# ACTION ITEM:
Ignoring every picture, return the lines of the listing below word for word, from the line that holds "Lowest prices on" through the line that holds "New matte white".

# RECORDS:
========================
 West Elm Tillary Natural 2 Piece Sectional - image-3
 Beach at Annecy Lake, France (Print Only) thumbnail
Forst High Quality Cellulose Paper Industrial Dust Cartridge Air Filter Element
========================
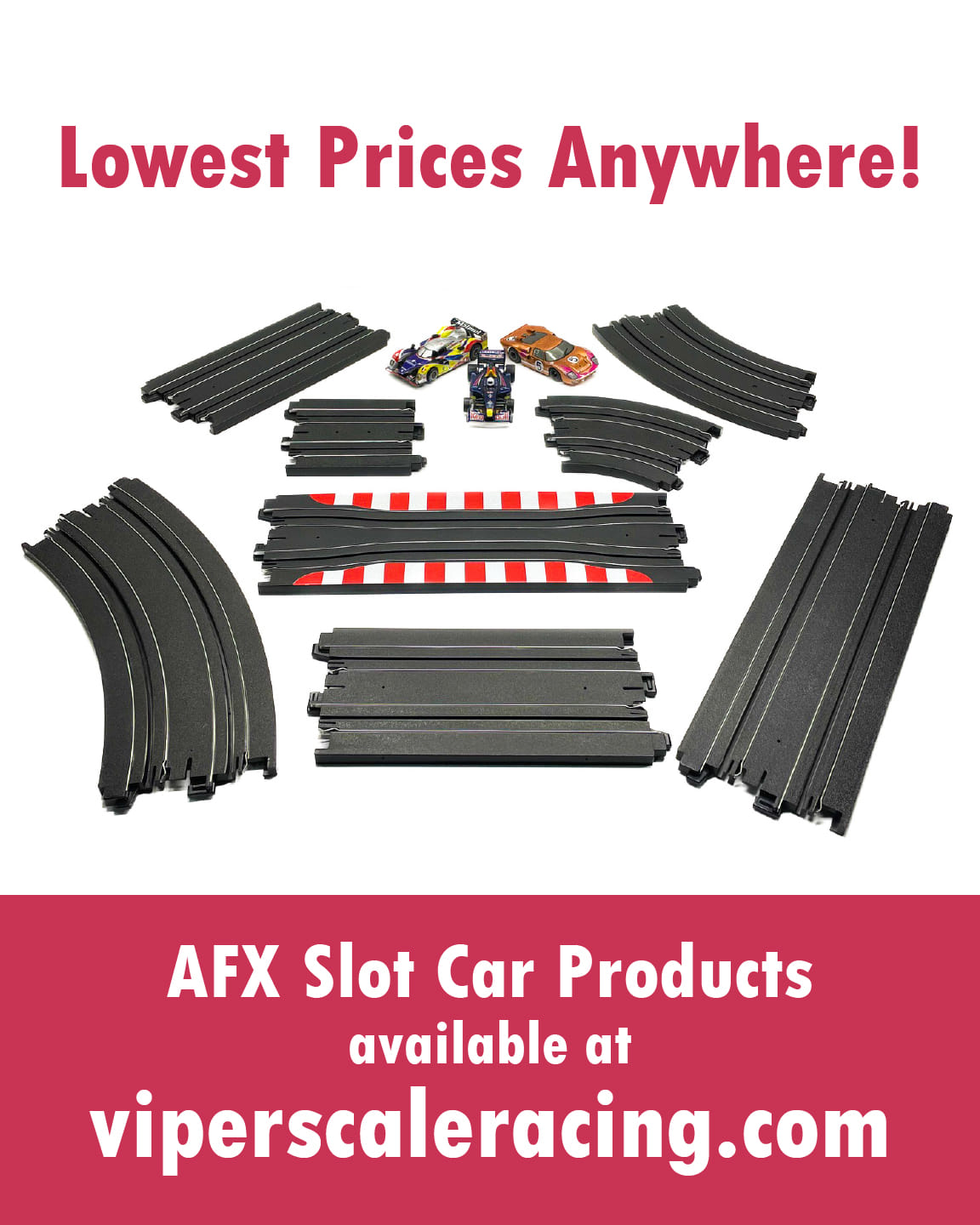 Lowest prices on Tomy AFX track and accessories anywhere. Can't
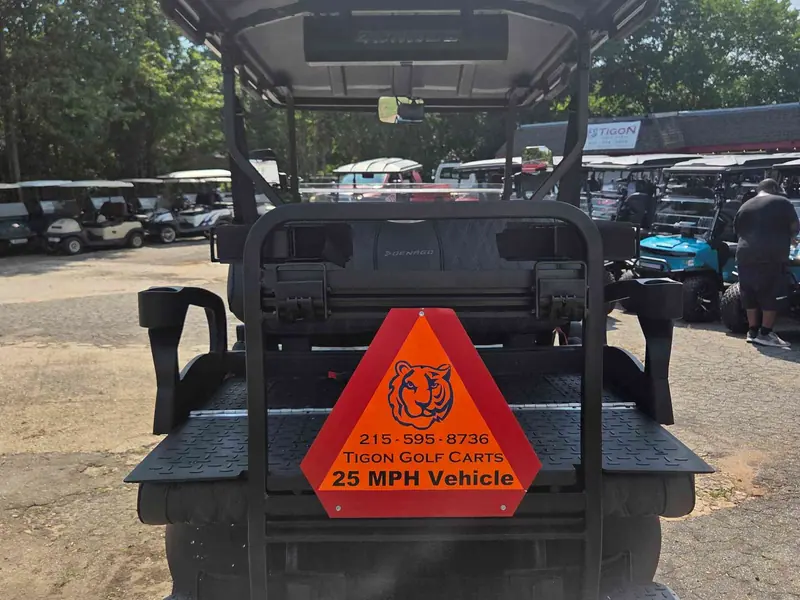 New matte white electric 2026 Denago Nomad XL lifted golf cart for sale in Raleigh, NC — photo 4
========================
# ANSWER BOX:
 Lowest prices on Tomy AFX track and accessories anywhere. Can't
 New matte white electric 2026 Denago Nomad XL lifted golf cart for sale in Raleigh, NC — photo 4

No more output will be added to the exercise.